图5所示的循环性能图可以看出实施例1,2,4和对比例1,2的五种硬碳材料都显示出良好循环稳定性，其中实施例5所制备的硬碳材料具有最高的可逆比容量，在20mA/g的电流密度下循环50次后仍具有98.4%的高容量保持率。The cycle performance chart shown in Figure 5 shows that the five hard carbon materials of Examples 1, 2, 4 and Comparative Examples 1, 2 all show good cycle stability, among which the hard carbon material prepared in Example 5 has the highest The reversible specific capacity still has a high capacity retention rate of 98.4% after 50 cycles at a current density of 20mA/g.

图6所示的SEM图可以看出实施例4的硬碳材料显示出分层多孔结构，有利于钠离子的嵌入和脱出，其表面显示出较少的微孔，可减少不可逆容量的损失。
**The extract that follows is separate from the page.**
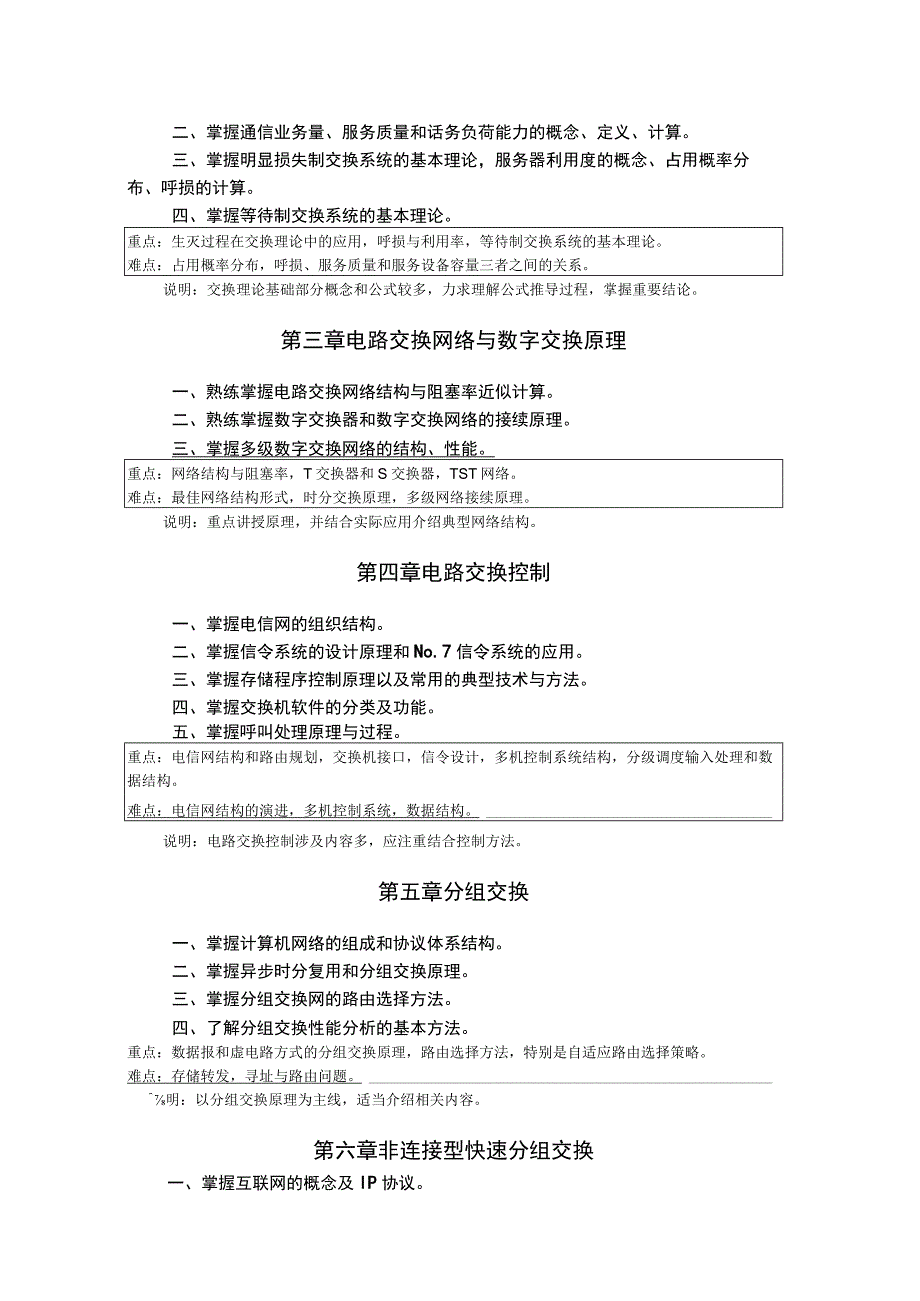 《交换原理与技术》课程教学大纲.docx_第2页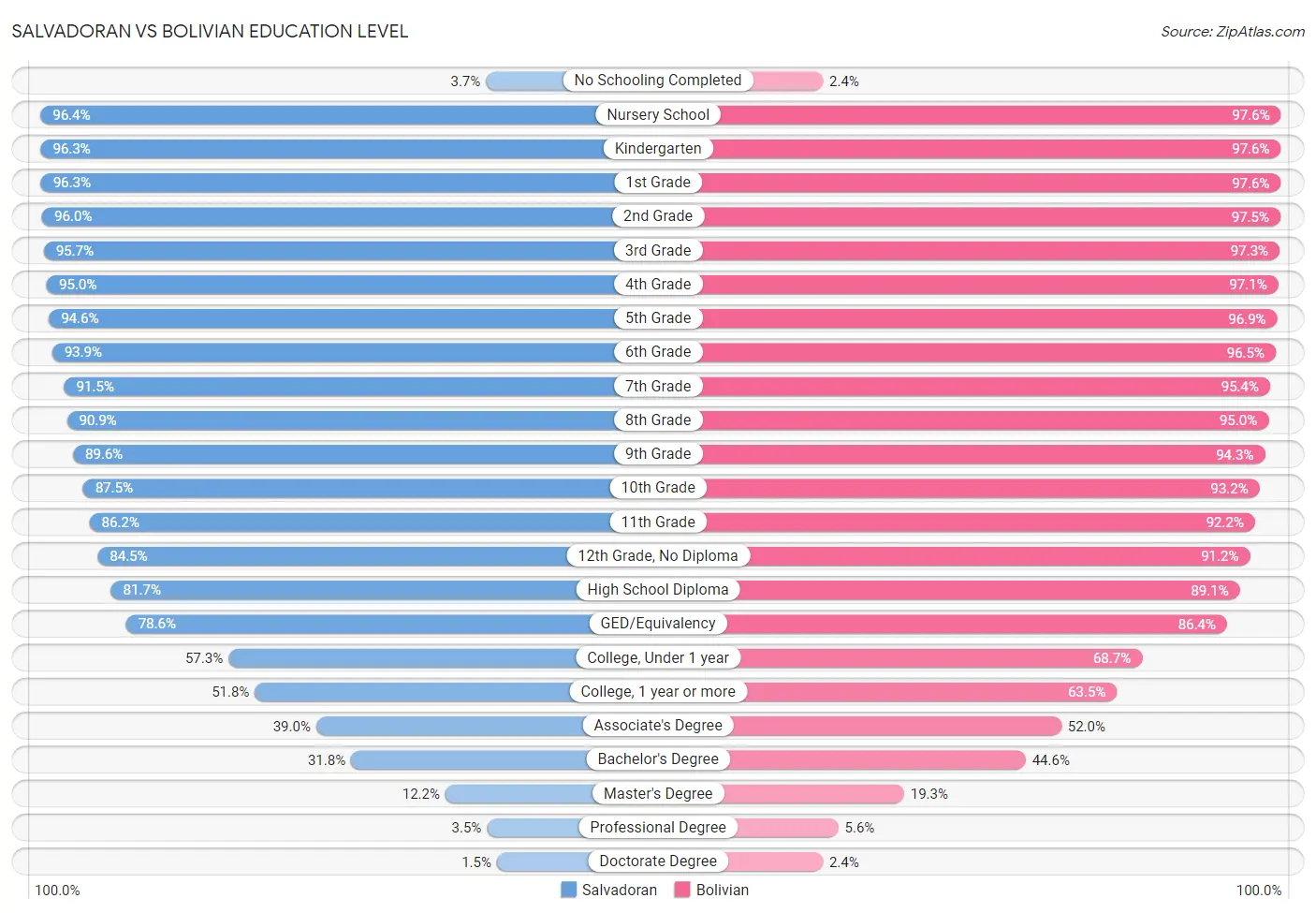 Salvadoran vs Bolivian Education Level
The SEM image shown in Figure 6 shows that the hard carbon material of Example 4 exhibits a hierarchical porous structure, which is conducive to the insertion and extraction of sodium ions, and its surface exhibits fewer micropores, which can reduce irreversible capacity loss.
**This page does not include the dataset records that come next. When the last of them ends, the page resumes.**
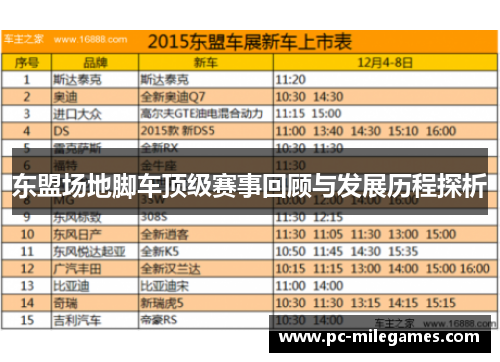 东盟场地脚车顶级赛事回顾与发展历程探析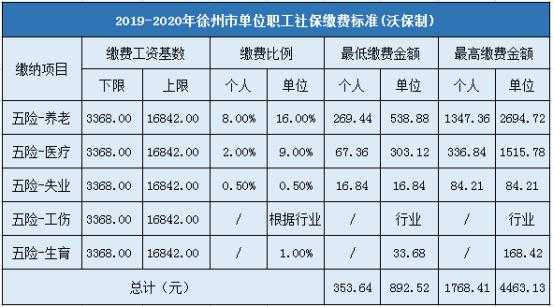 徐州保费排名（徐州 保险 10元 30元）-图1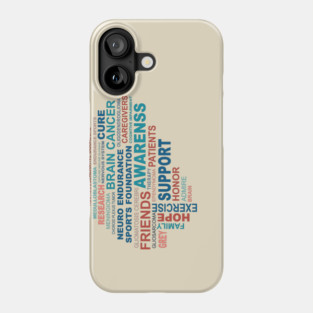 Brain Cancer Awareness Phone Case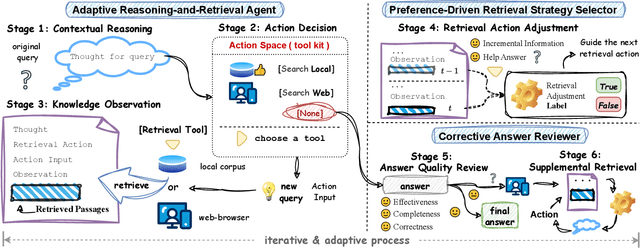 Figure 1 for Towards Multi-Source Retrieval-Augmented Generation via Synergizing Reasoning and Preference-Driven Retrieval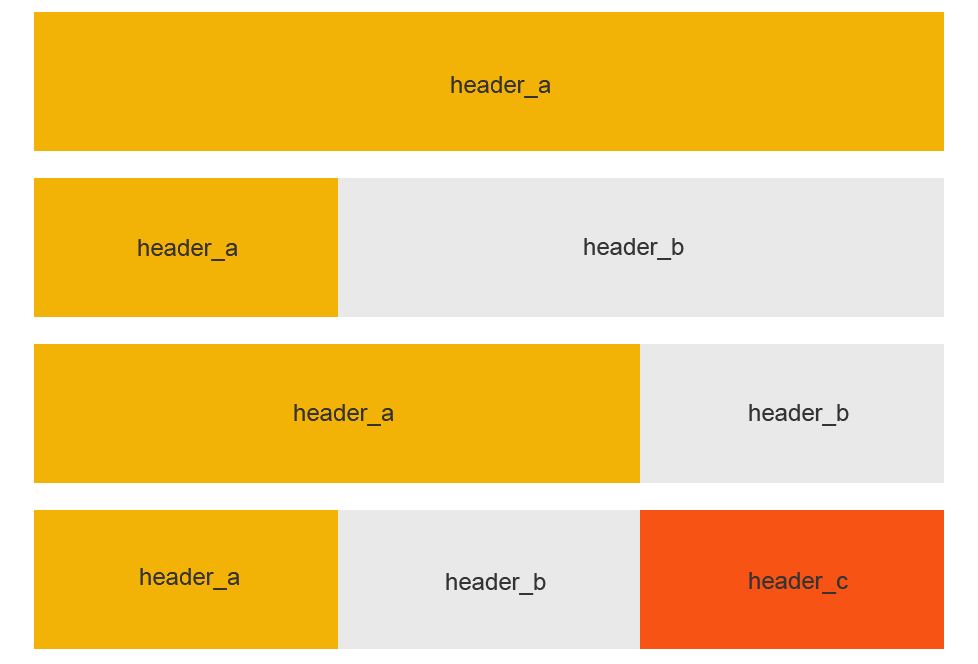 module options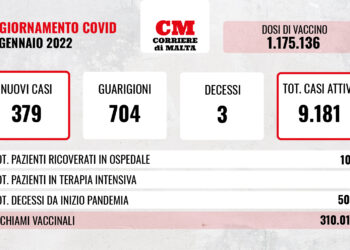 COVID-19: contagi in aumento, si contano altre tre vittime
图7所示的HRTEM图可以看出实施例4的硬碳材料显示出典型的无定形结构并具有大量短程有序石墨层，其层间距为0.379 nm。From the HRTEM image shown in Figure 7, it can be seen that the hard carbon material of Example 4 shows a typical amorphous structure and has a large number of short-range ordered graphite layers, and the interlayer spacing is 0.379 nm.
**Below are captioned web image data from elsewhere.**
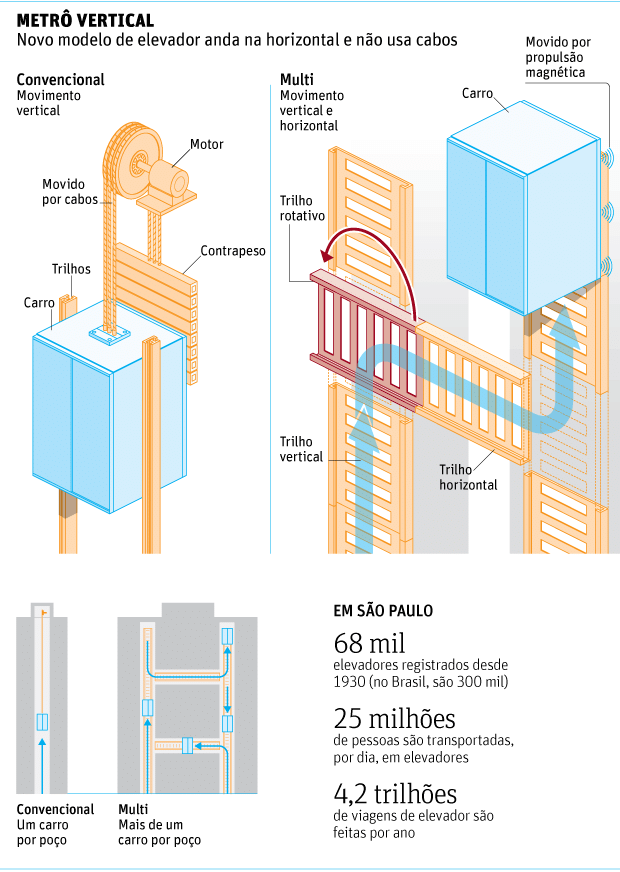 METR VERTICAL Novo modelo de elevador anda na horizontal e no usa cabos
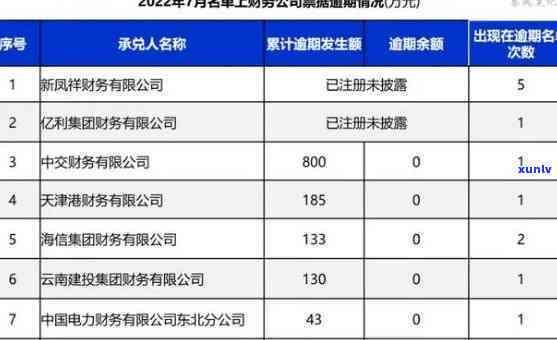 上海票交所逾期名单-上海票交所逾期名单查询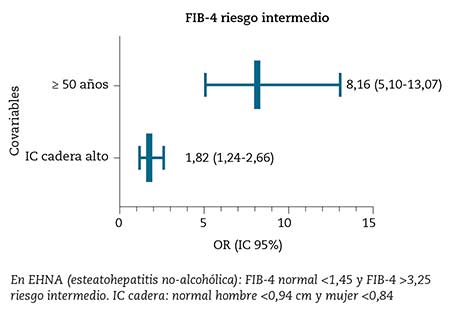 Figura 2 – Estimación del riesgo de evolución a fibrosis hepática en obesidad (FIB-4: variables con significación).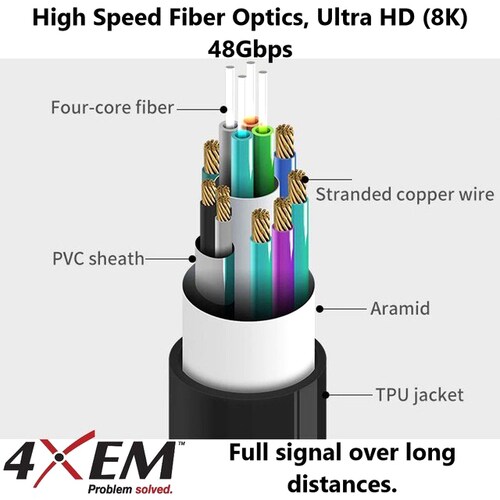 10M ACTIVE OPTICAL FIBER HDMI 2.1 8K 60HZ 48GB/S CABLE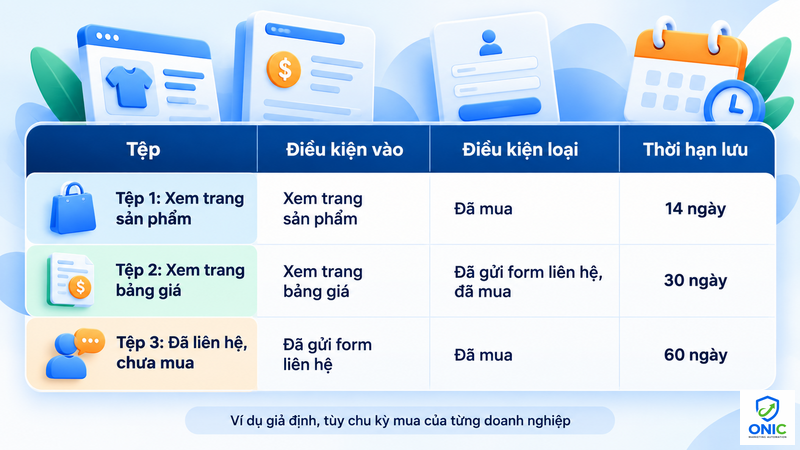 Tệp khách theo giai đoạn trong retargeting tự động Bảng tệp khách theo giai đoạn hành vi trong retargeting tự động: xem sản phẩm, xem bảng giá, đã liên hệ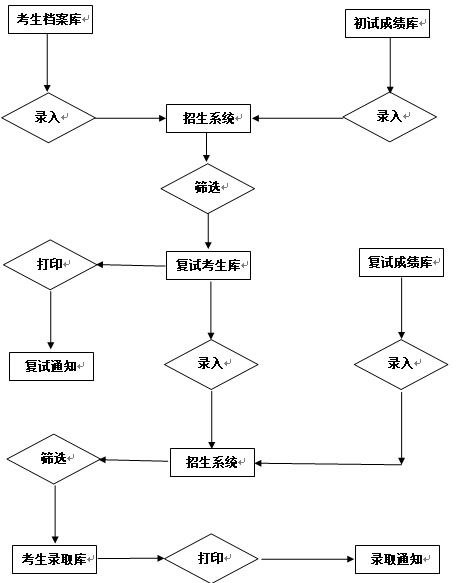 基于Java Oracle的研究生招生管理系统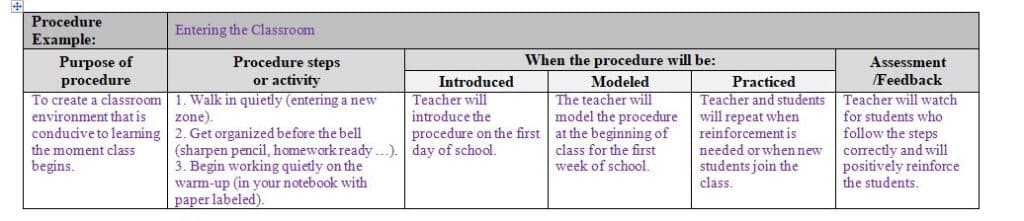 Select a grade level and use the Class Profile as a sample class of students.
如表1所示，通过对比实施例3,4,5可以看出，通过对硬碳材料进行热解温度的改变，材料随着温度的升高，可逆比容量呈现先增加后减少的趋势，1300℃为最佳的碳化温度；通过对比实施例1,2,4和对比例1,2可以看出，通过降低材料在热解过程中的升温速率，材料的首次库伦效率从67.5%提高至82.8%，初始比容量从242.6mAh/g提高至324.6mAh/g；通过降低碳化过程中的升温速率，降低材料的缺陷浓度，提高材料的层间距和石墨化程度，可以有效提高材料的首次库伦效率和可以比容量，改善材料的储钠性能。As shown in Table 1, by comparing Examples 3, 4, and 5, it can be seen that by changing the pyrolysis temperature of the hard carbon material, as the temperature of the material increases, the reversible specific capacity shows a trend of first increasing and then decreasing. 1300°C is the optimal carbonization temperature; by comparing Examples 1, 2, 4 and Comparative Examples 1, 2, it can be seen that by reducing the heating rate of the material during the pyrolysis process, the first Coulombic efficiency of the material is increased from 67.5% to 82.8%, the initial specific capacity increased from 242.6mAh/g to 324.6mAh/g; by reducing the temperature rise rate during the carbonization process, reducing the defect concentration of the material, increasing the layer spacing and graphitization degree of the material, the first Coulomb of the material can be effectively improved efficiency and specific capacity, improving the sodium storage performance of the material.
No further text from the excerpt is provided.